GUARANTEED DELIVERY PROCEDURES
If a registered holder of original notes desires to tender the original
notes, and the original notes are not immediately available, or time will not
permit the holder's original notes or other required documents to reach the
exchange agent before the expiration date, or the procedure for book-entry
transfer described above cannot be completed on a timely basis, a tender may
nonetheless be made if:
- the tender is made through an eligible institution;
- prior to the expiration date, the exchange agent received from an eligible
institution a properly completed and duly executed letter of transmittal,
or a facsimile of the letter of transmittal, and notice of guaranteed
delivery, substantially in the form provided by us, by facsimile
transmission, mail or hand delivery,
(1) stating the name and address of the holder of original notes and the
amount of original notes tendered,
(2) stating that the tender is being made; and
(3) guaranteeing that within three New York Stock Exchange trading days
after the expiration date, the certificates for all physically
tendered original notes, in proper form for transfer, or a book-entry
confirmation, as the case may be, and any other documents required by
the letter of transmittal will be deposited by the eligible
institution with the exchange agent; and
- the certificates for all physically tendered original notes, in proper
form for transfer, or a book-entry confirmation, as the case may be, and
all other documents required by the letter of transmittal, are received by
the exchange agent within three New York Stock Exchange trading days after
the expiration date.
WITHDRAWAL RIGHTS
Tenders of original notes may be withdrawn at any time before 5:00 p.m., New
York City time, on the expiration date.
For a withdrawal to be effective, the exchange agent must receive a written
notice of withdrawal at the address or, in the case of eligible institutions, at
the facsimile number, indicated below under "--Exchange Agent" before
5:00 p.m., New York City time, on the expiration date. Any notice of withdrawal
must:
- specify the name of the person, referred to as the depositor, having
tendered the original notes to be withdrawn;
- identify the original notes to be withdrawn, including the certificate
number or numbers and principal amount of the original notes;
- contain a statement that the holder is withdrawing his election to have
the original notes exchanged;
19
- be signed by the holder in the same manner as the original signature on
the letter of transmittal by which the original notes were tendered,
including any required signature guarantees, or be accompanied by
documents of transfer to have the trustee with respect to the original
notes register the transfer of the original notes in the name of the
person withdrawing the tender; and
- specify the name in which the original notes are registered, if different
from that of the depositor.
If certificates for original notes have been delivered or otherwise
identified to the exchange agent, then, prior to the release of these
certificates, the withdrawing holder must also submit the serial numbers of the
particular certificates to be withdrawn and signed notice of withdrawal with
signatures guaranteed by an eligible institution unless this holder is an
eligible institution. If original notes have been tendered in accordance with
the procedure for book-entry transfer described above, any notice of withdrawal
must specify the name and number of the account at the book-entry transfer
facility to be credited with the withdrawn original notes. We will determine all
questions as to the validity, form and eligibility, including time of receipt,
of notices of withdrawal. Any original notes so withdrawn will be deemed not to
have been validly tendered for exchange. No exchange notes will be issued unless
the original notes so withdrawn are validly re-tendered. Any original notes that
have been tendered for exchange, but which are not exchanged for any reason,
will be returned to the tendering holder without cost to the holder. In the case
of original notes tendered by book-entry transfer, the original notes will be
credited to an account maintained with the book-entry transfer facility for the
original notes. Properly withdrawn original notes may be re-tendered by
following the procedures described under "--Procedures for Tendering" above at
any time on or before 5:00 p.m., New York City time, on the expiration date.

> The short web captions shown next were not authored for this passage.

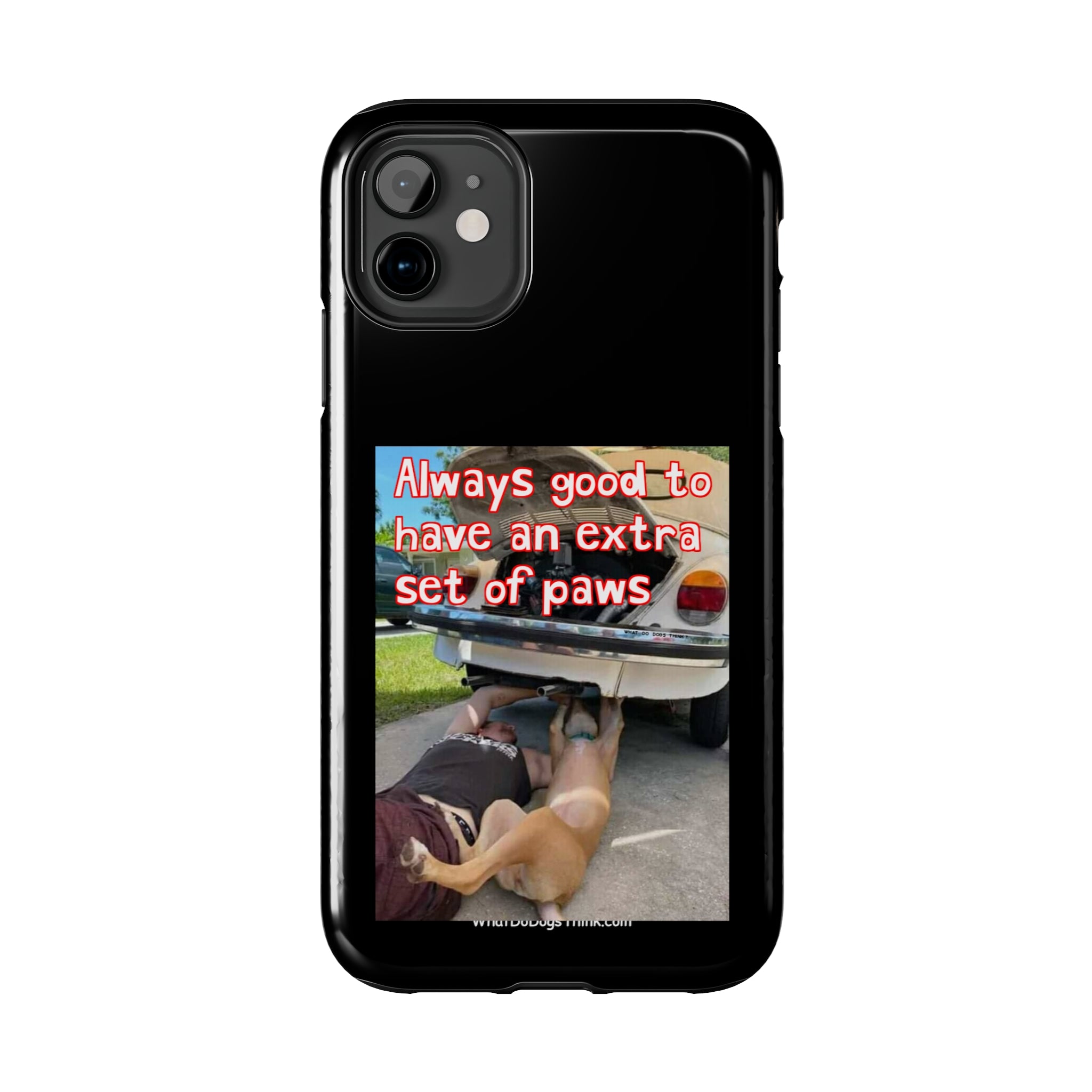 Extra Paw    Black Tough Phone Cases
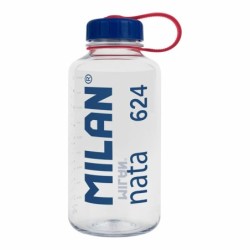Botella de Agua Milan 1 L Transparente Plástico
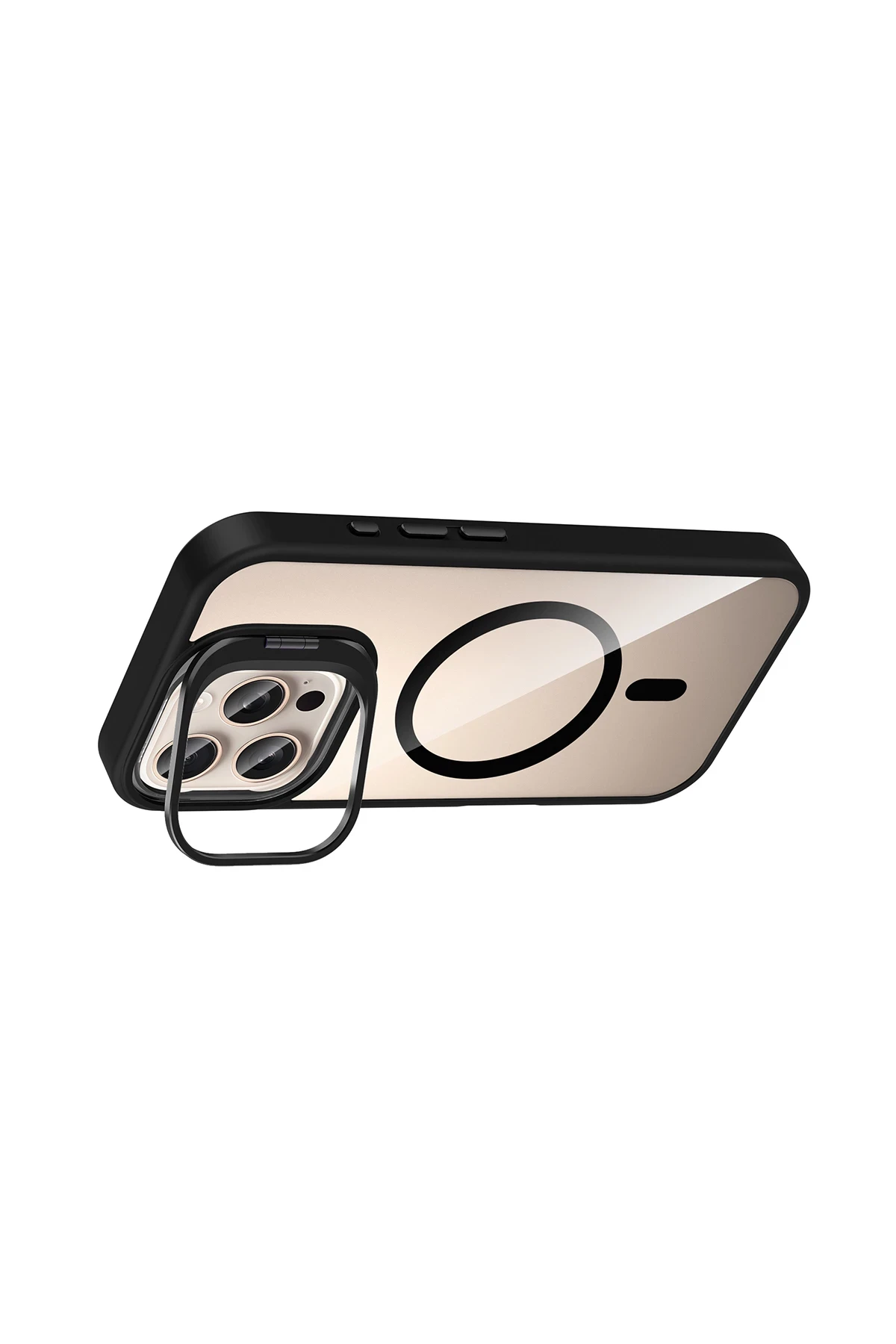 Joko Apple iPhone 16 Pro Remim Lensli Magsafe Standlı Kapak - Siyah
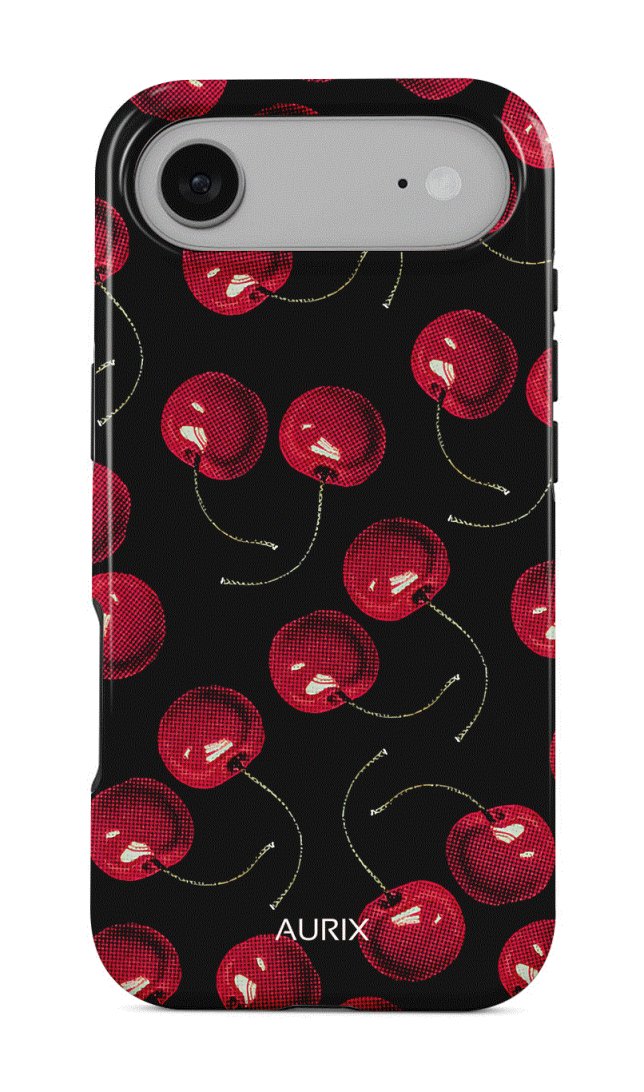 Luxusní kryt AURIX MagSafe iPhone Air Cherrybomb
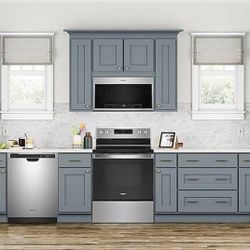 [NEW] Whirlpool - 5.3 Cu. Ft. Freestanding Electric Range with Self-Cleaning and Frozen Bake - Stainless Steelwork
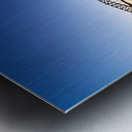 Sydney Opera House and Harbour Bridge at dusk. Metal print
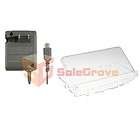 Home Travel Wall Power Supply Charger+Crystal Hard Case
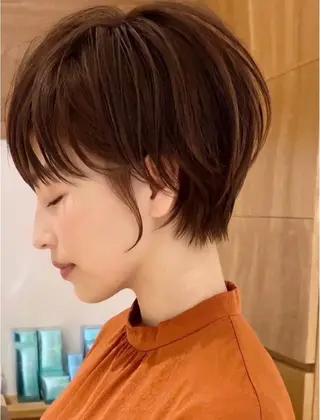 ショート 福本 可奈子のヘアスタイル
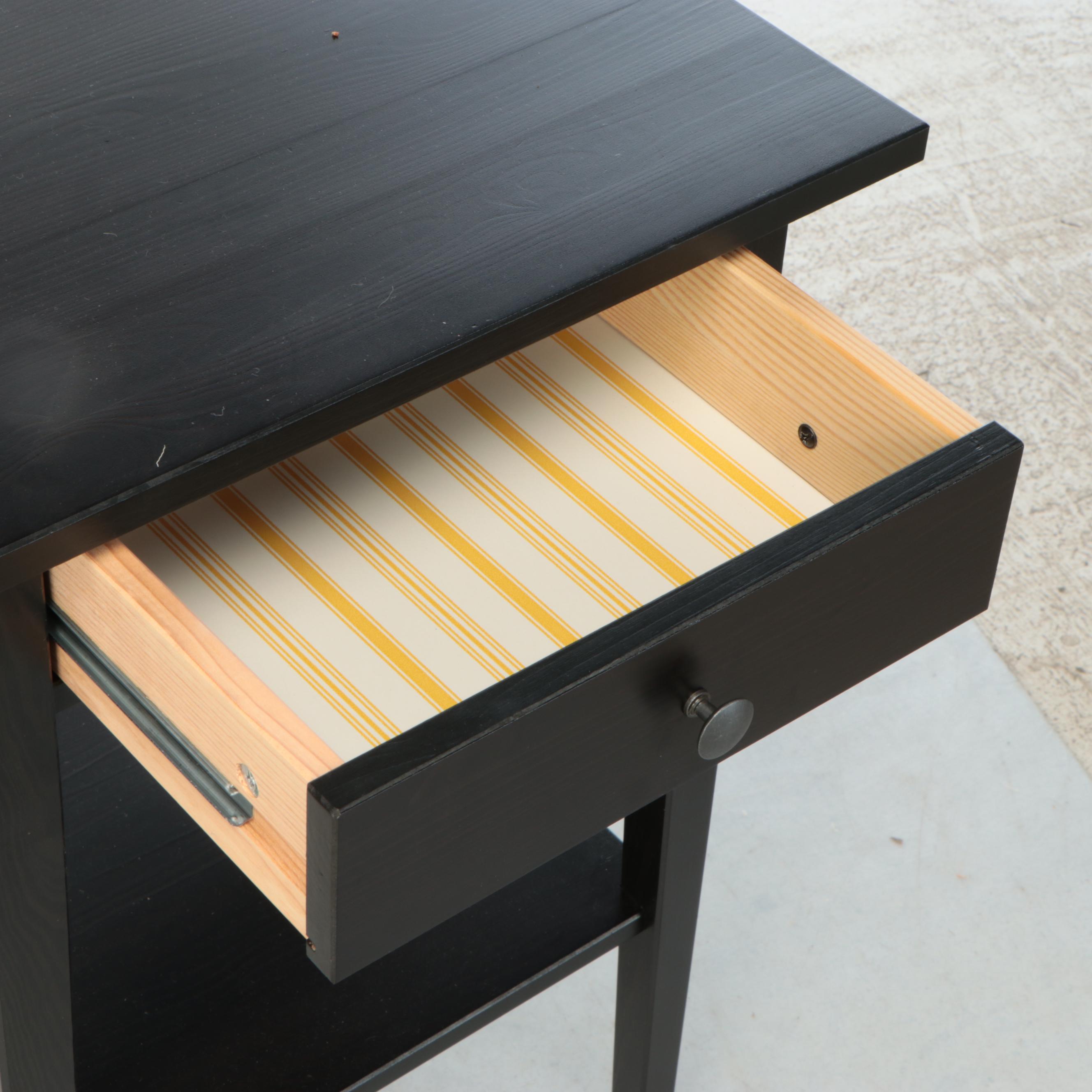 IKEA Black Wood Side Table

CONDITIONS TO THE EXCHANGE OFFER
Notwithstanding any other provision of the exchange offer, we will not be
required to accept for exchange, or to issue exchange notes in exchange for, any
original notes, and may terminate or amend the exchange offer, if at any time
before the acceptance of the original notes for exchange or the exchange of the
exchange notes for the original notes, any of the following events occurs:
- there is threatened, instituted or pending any action or proceeding
before, or any injunction, order or decree issued by, any court or
governmental agency or other governmental regulatory or administrative
agency or commission:
(1) seeking to restrain or prohibit the making or completion of the
exchange offer or any other transaction contemplated by the exchange
offer, or assessing or seeking any damages as a result of this
transaction,
(2) resulting in a material delay in our ability to accept for exchange
or exchange some or all of the original notes in the exchange offer;
or
(3) any statute, rule, regulation, order or injunction has been sought,
proposed, introduced, enacted, promulgated or deemed applicable to
the exchange offer or any of the transactions contemplated by the
exchange offer by any governmental authority, domestic or foreign; or
- any action has been taken, proposed or threatened, by any governmental
authority, domestic or foreign, that in our sole judgment might directly
or indirectly result in any of the consequences referred to in clauses
(1), (2) or (3) above or, in our sole judgment, might result in the
holders of exchange notes having obligations with respect to resales and
transfers of exchange notes which are greater than those described in the
interpretation of the SEC referred to above, or would otherwise make it
inadvisable to proceed with the exchange offer; or
20
- the following has occurred:
(1) any general suspension of or general limitation on prices for, or
trading in, securities on any national securities exchange or in the
over-the-counter market; or
(2) any limitation by a governmental authority, which may adversely
affect our ability to complete the transactions contemplated by the
exchange offer; or
(3) a declaration of a banking moratorium or any suspension of payments
in respect of banks in the United States or any limitation by any
governmental agency or authority which adversely affects the
extension of credit; or
(4) a commencement of a war, armed hostilities or other similar
international calamity directly or indirectly involving the United
States, or, in the case of any of the preceding events existing at
the time of the commencement of the exchange offer, a material
acceleration or worsening of these calamities; or
- any change, or any development involving a prospective change, has
occurred or been threatened in our business, financial condition,
operations or prospects and those of our subsidiaries taken as a whole
that is or may be adverse to us, or we have become aware of facts that
have or may have an adverse impact on the value of the original notes or
the exchange notes; which in our sole judgment in any case makes it
inadvisable to proceed with the exchange offer and/or with such acceptance
for exchange or with such exchange.
These conditions to the exchange offer are for our sole benefit and we may
assert them regardless of the circumstances giving rise to any of these
conditions, or we may waive them in whole or in part in our sole discretion. If
we do so, the exchange offer will remain open for at least 5 business days
following any waiver of the preceding conditions. Our failure at any time to
exercise any of the foregoing rights will not be deemed a waiver of any right.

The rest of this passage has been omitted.